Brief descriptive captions
****
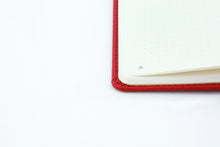 Load image into Gallery viewer, •Notebooks of beauty - hardcover bound with PU leather, radius corners, coloured endpapers, perforated 100gr/m² cream pages, inner pocket and elastic closure. Also includes a pen holder - perfect - Dingbats* Notebooks (journal, diary, bullet journal, office notebook, leather notebook)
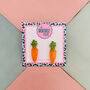 Carrot Glitter Resin Studs, thumbnail 1 of 4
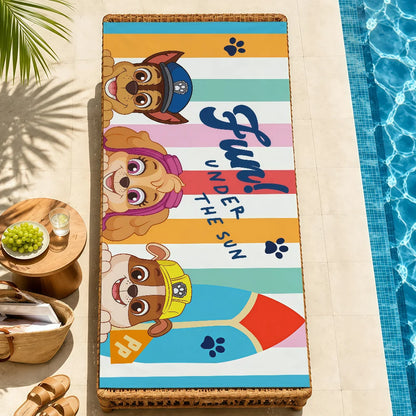 Serviette Enfant Motif Chien Dessin Paw Patrol – Plage, Bain & Piscine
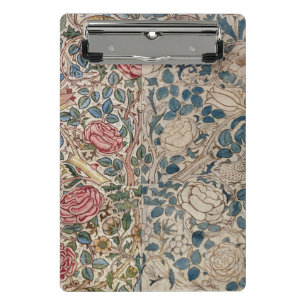 "Rosen" Tapetenentwurf (Bleistift und w/c auf Mini Klemmbrett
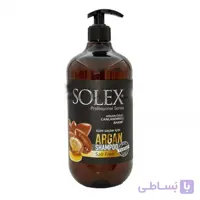 شامپو سولکس مناسب موی خشک مدل argan فاقد نمک در حجم 1000میلی لیتر ا Solex shampoo suitable for dry and normal hair, argan model, 1000ml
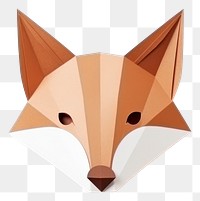 PNG Fox face paper origami art. 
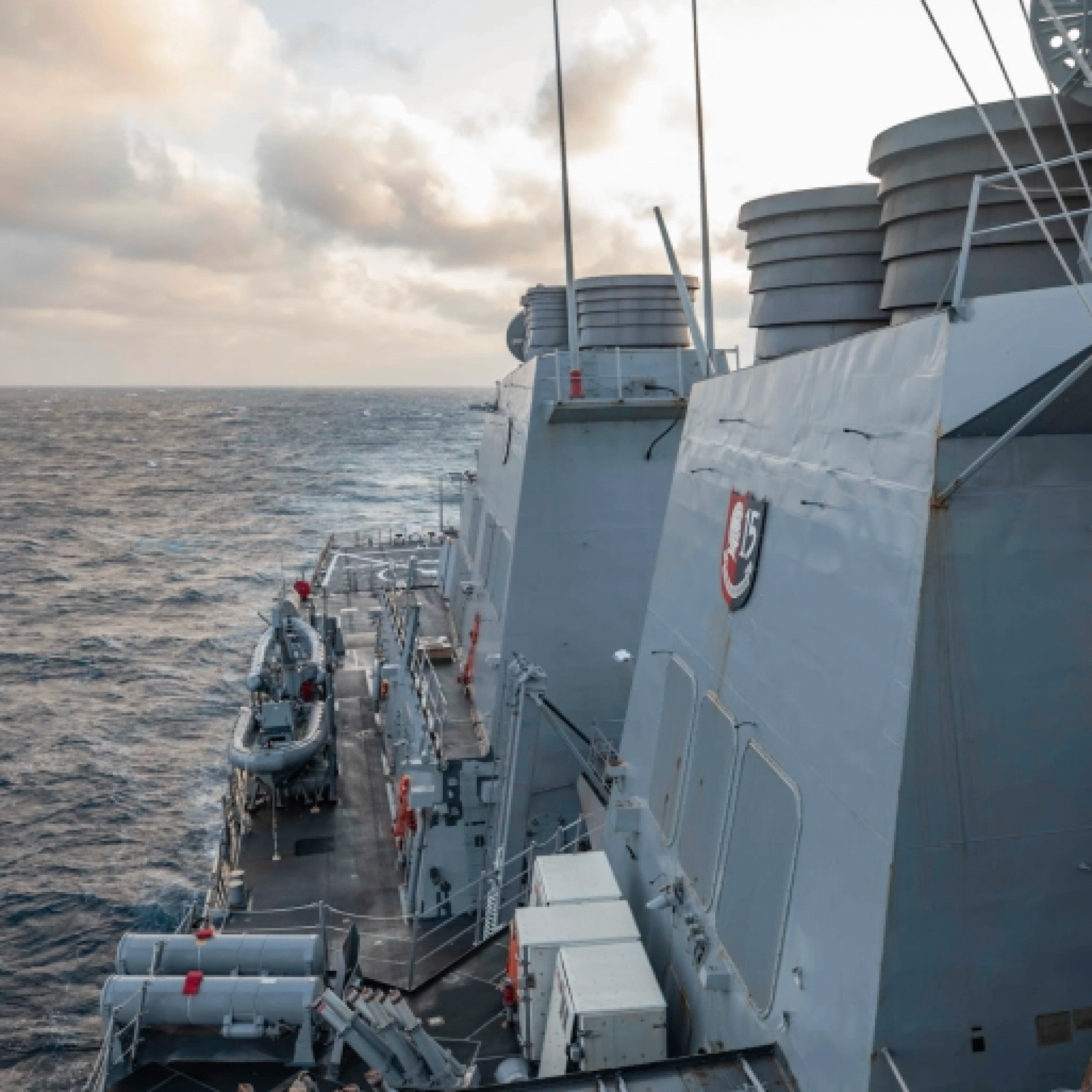 US warship sails through Taiwan Strait first since Biden-Xi meet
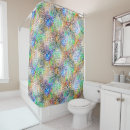 Search for bright colours shower curtains White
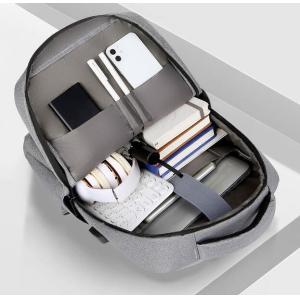 OEM USB Charging Laptop Backpack Business Notebook Bag With Zipper Closure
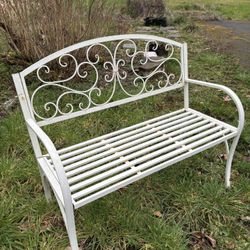 LOW PRICE MOVING- WAYFAIR $350 + TAX RETAIL METAL BENCH 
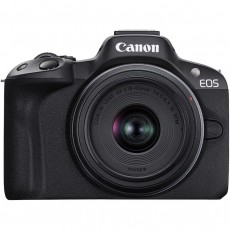 CANON EOS R50 t&uuml;k&ouml;r n&eacute;lk&uuml;li kamera, 24.2 MP, 4K + 18-45 mm objekt&iacute;v, Fekete (5811C033AA) - F&eacute;nyk&eacute;pezőg&eacute;p / kamera - MILC cser&eacute;lhető objekt&iacute;ves kompakt f&eacute;nyk&eacute;pezőg&eacute;p - 534772
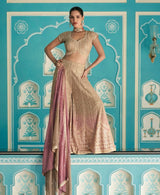 Champagne Ombre Palazzo Set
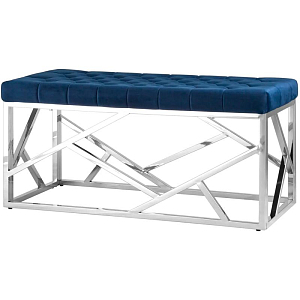 Банкетка синий велюр Geometry Serene Phoenix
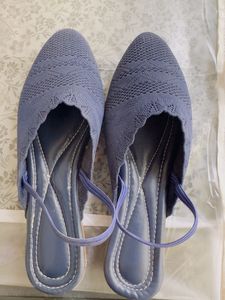 Navy Blue Mules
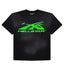 Hellstar Sport Logo Gel Tee Black/Green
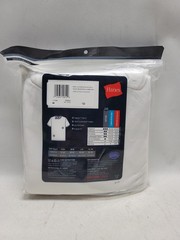 Hanes Men’s M Tagless Cotton T-Shirts Comfortsoft Cool Comfort 4 Pack New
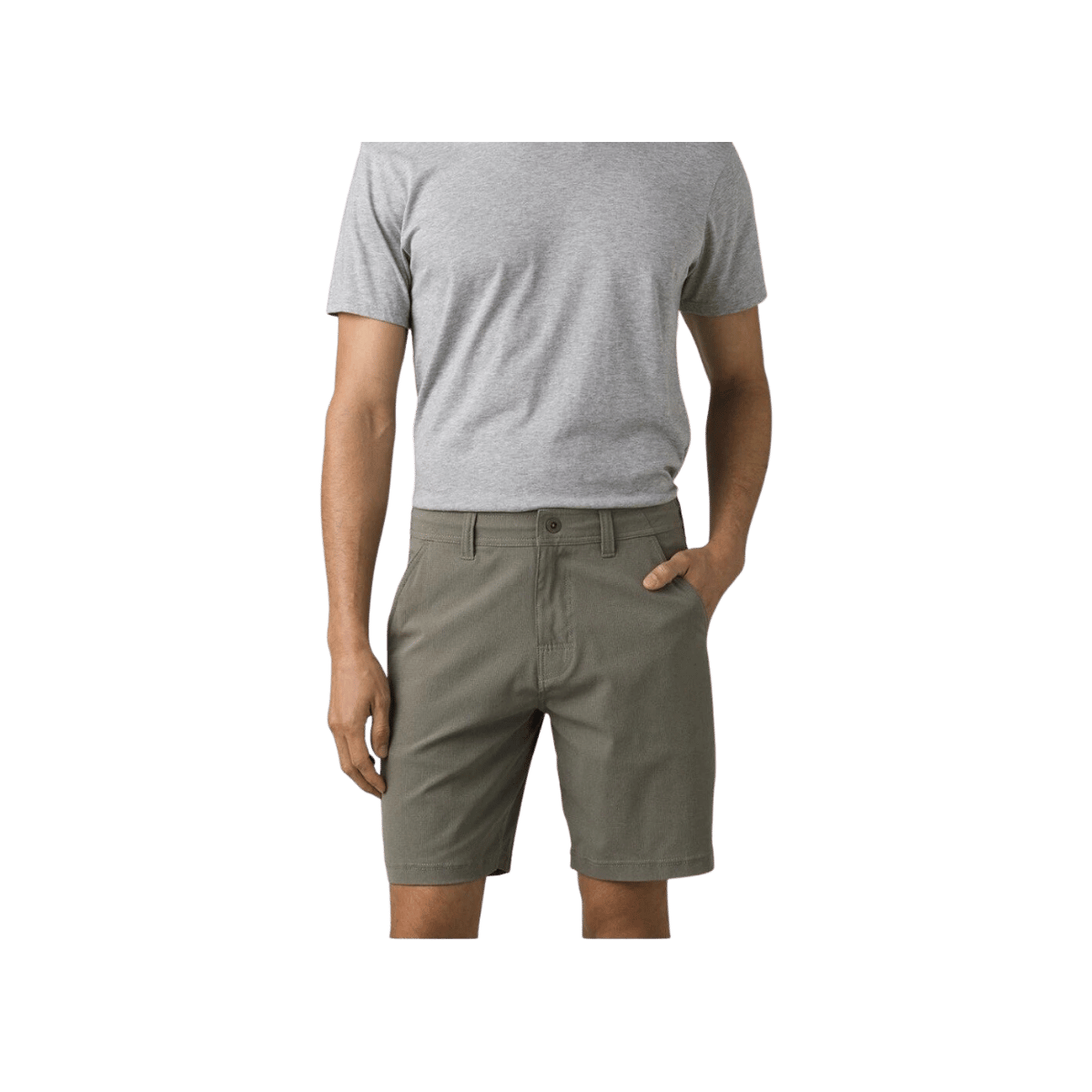 PRANA HYBRIDIZER SHORT 10" RYE GREEN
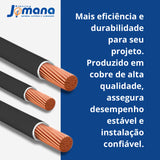 Cabo Flexível 2,5 mm Preto Corfio com 100 m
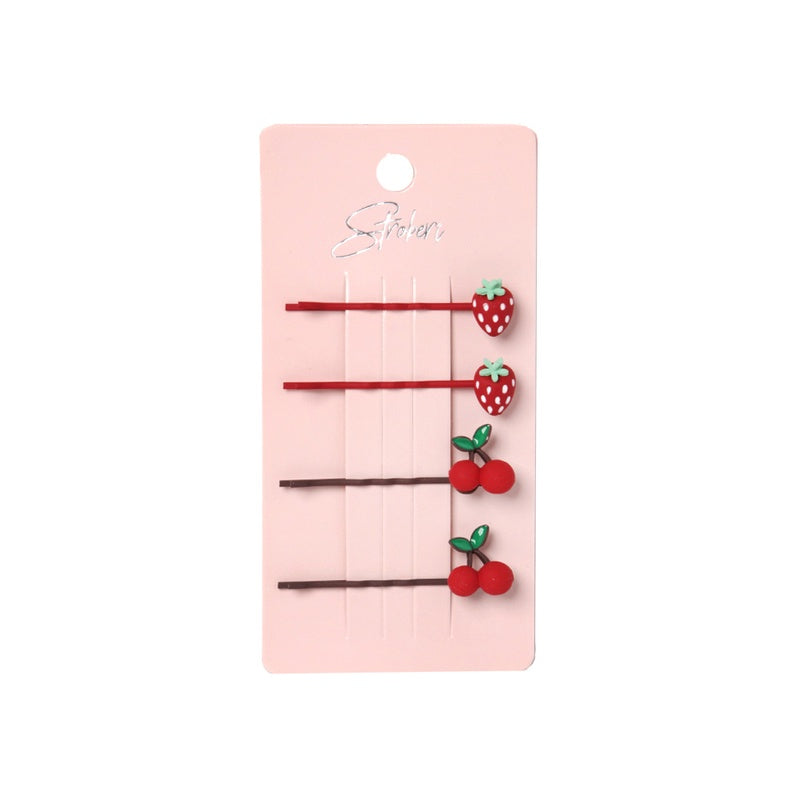Stroberi Pastel Set Hair Clip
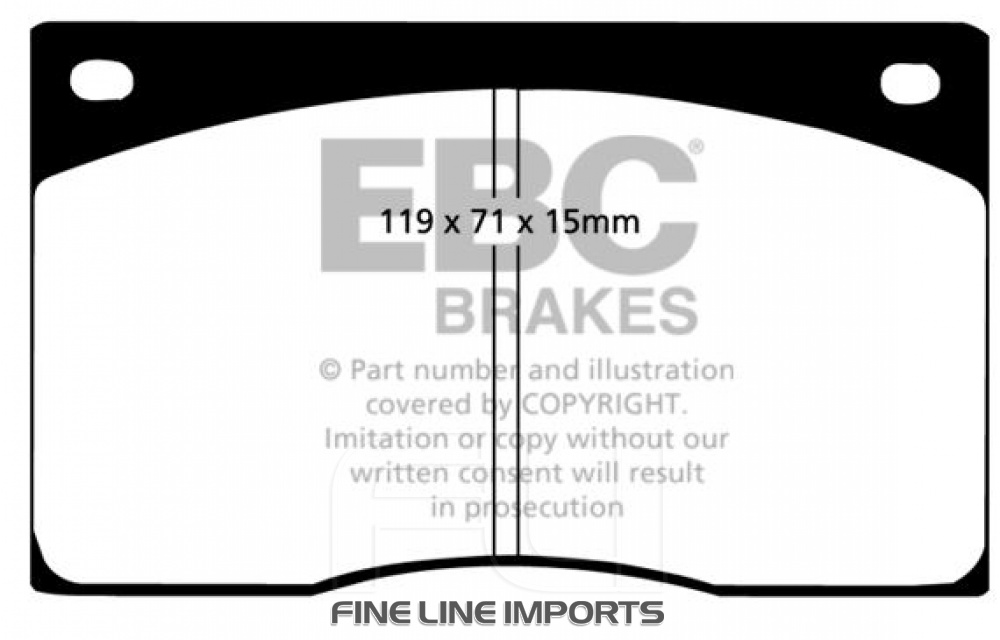 EBC DP9262 Orangestuff Racing Remblokken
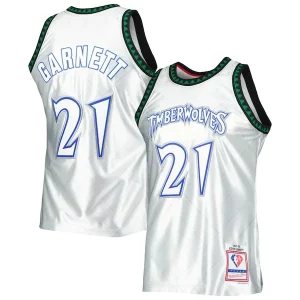 Kevin Garnett Minnesota Timberwolves 1997/98 Hardwood Classics 75th Anniversary Chic Swingman Jersey Platinum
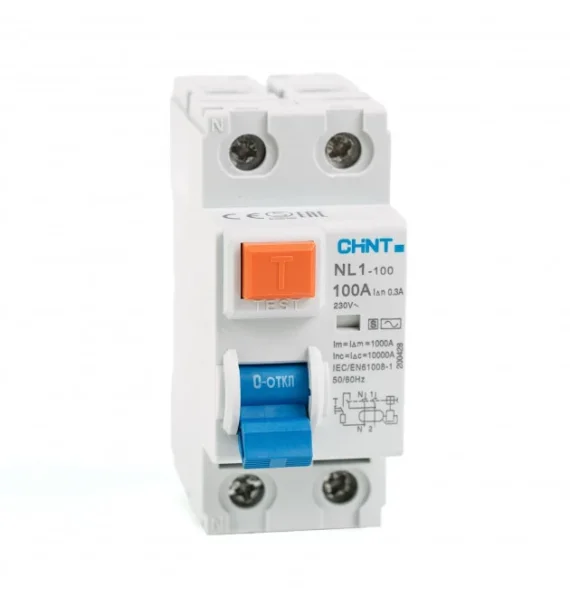 Chint Nl1 100 S 2P 100A 300Ma 10Ka Ac Type Selective Differential Acar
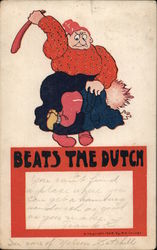 Woman Spanking Child Postcard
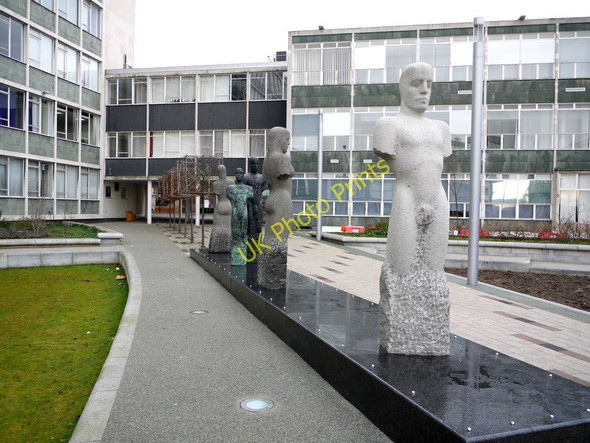 Photo 6"x4" Ellison Courtyard, University of Northumbria Newcastle upon Tyne c2010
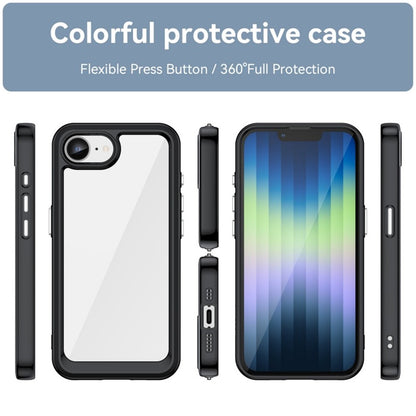 WANLONFENG For iPhone 17e / 16e Phone Case  XC Series TPU Acrylic Cover with Tempered Glass (Big Lens Hole)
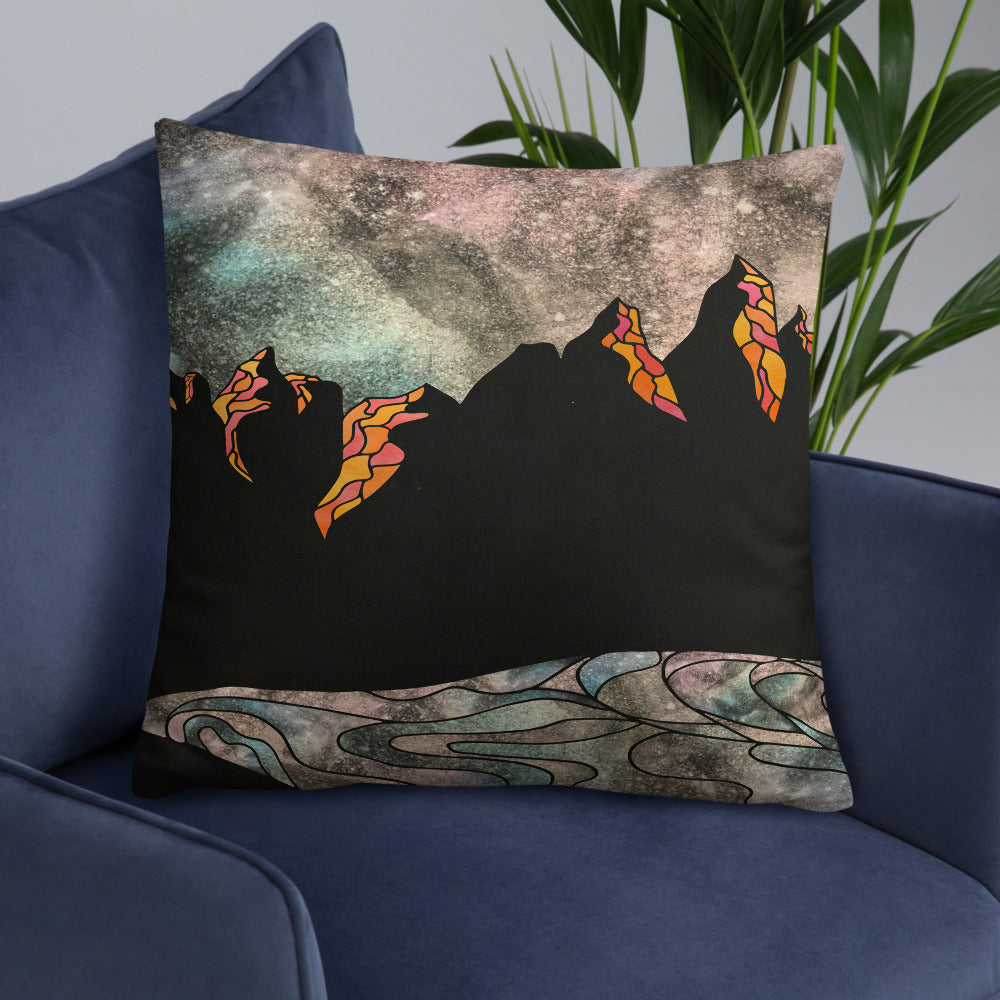 Ooze Blue Art WR2 Print Premium Pillow - Powderaddicts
****
Repeat exactly the lines above, from the line that contains "LOW PRICE MOVING- WAYFAIR" down through the line that contains "Chint Nl1 100". Include both of those lines and none of the pictures.

▶ Solution for this task
 LOW PRICE MOVING- WAYFAIR $350 + TAX RETAIL METAL BENCH 
 CANON EOS R50 t&uuml;k&ouml;r n&eacute;lk&uuml;li kamera, 24.2 MP, 4K + 18-45 mm objekt&iacute;v, Fekete (5811C033AA) - F&eacute;nyk&eacute;pezőg&eacute;p / kamera - MILC cser&eacute;lhető objekt&iacute;ves kompakt f&eacute;nyk&eacute;pezőg&eacute;p - 534772
 Champagne Ombre Palazzo Set
 Банкетка синий велюр Geometry Serene Phoenix
 Navy Blue Mules
 Hellstar Sport Logo Gel Tee Black/Green
 Hanes Men’s M Tagless Cotton T-Shirts Comfortsoft Cool Comfort 4 Pack New
 PRANA HYBRIDIZER SHORT 10" RYE GREEN
 Cabo Flexível 2,5 mm Preto Corfio com 100 m
Stroberi Pastel Set Hair Clip
 EBC DP9262 Orangestuff Racing Remblokken
 Kevin Garnett Minnesota Timberwolves 1997/98 Hardwood Classics 75th Anniversary Chic Swingman Jersey Platinum
 Chint Nl1 100 S 2P 100A 300Ma 10Ka Ac Type Selective Differential Acar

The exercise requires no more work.